Let $p \in M$. Due to the normal form of smooth submersions, there are smooth chart $(U_p, y_p)$ of $M$, $(V_{f(p)}, x_{f(p)})$ of $N$, containing $p$ and $f(p)$, respectively, such that:
$$ x_{f(p)}\circ f \circ (y_p)^{-1}(z_1, \ldots, z_m) = (z_1, \ldots, z_n)$$
Then, it isn't hard to prove that for $i \in \left \{ 1, \ldots, n\right \}$
$$\mathrm{d}f_{p}\left ( \dfrac{\partial }{\partial y^i}\bigg|_{p} \right ) = \dfrac{\partial }{\partial x^i}\bigg|_{f(p)}$$
I'm not going to write down the subindex $p$ on the components of the charts, to not oversaturate notation.

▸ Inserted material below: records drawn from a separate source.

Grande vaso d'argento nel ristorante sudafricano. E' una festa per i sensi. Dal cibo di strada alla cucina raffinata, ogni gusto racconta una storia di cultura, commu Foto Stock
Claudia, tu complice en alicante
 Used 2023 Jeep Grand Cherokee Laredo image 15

On the other hand, since $X$ is a vector field, it has a representation in $V_{f(p)}$ of the form
$$ X = \sum\limits_{i=1}^{n}g_i^p \dfrac{\partial }{\partial x^i}\bigg|_{f(p)}$$
Afterwards, just define the vector field $Y^p:U_p \to TM$ by
$$Y^p = \sum\limits_{i=1}^{n}\left ( g_i^p \circ f\right ) \dfrac{\partial }{\partial y^i}\bigg|_{p}$$
It is straightforward that $Y^p$ is a smooth vector field and
$$\mathrm{d}f_p\left ( Y^p(q)\right ) = X(f(q)) \quad \forall q \in U_p$$
Therefore, we have constructed a family of local vector fields that satisfies the required condition. Now, consider a partition of unity $\left \{ \xi_p\right \}_{p \in M}$ subordinate to $\left \{ U_p\right\}_{p \in M}$ and define
$$ Y = \sum\limits_{p \in M}\xi_p Y^p $$
Finally, $Y$ is a global smooth vector field that is $f$-related to $X$.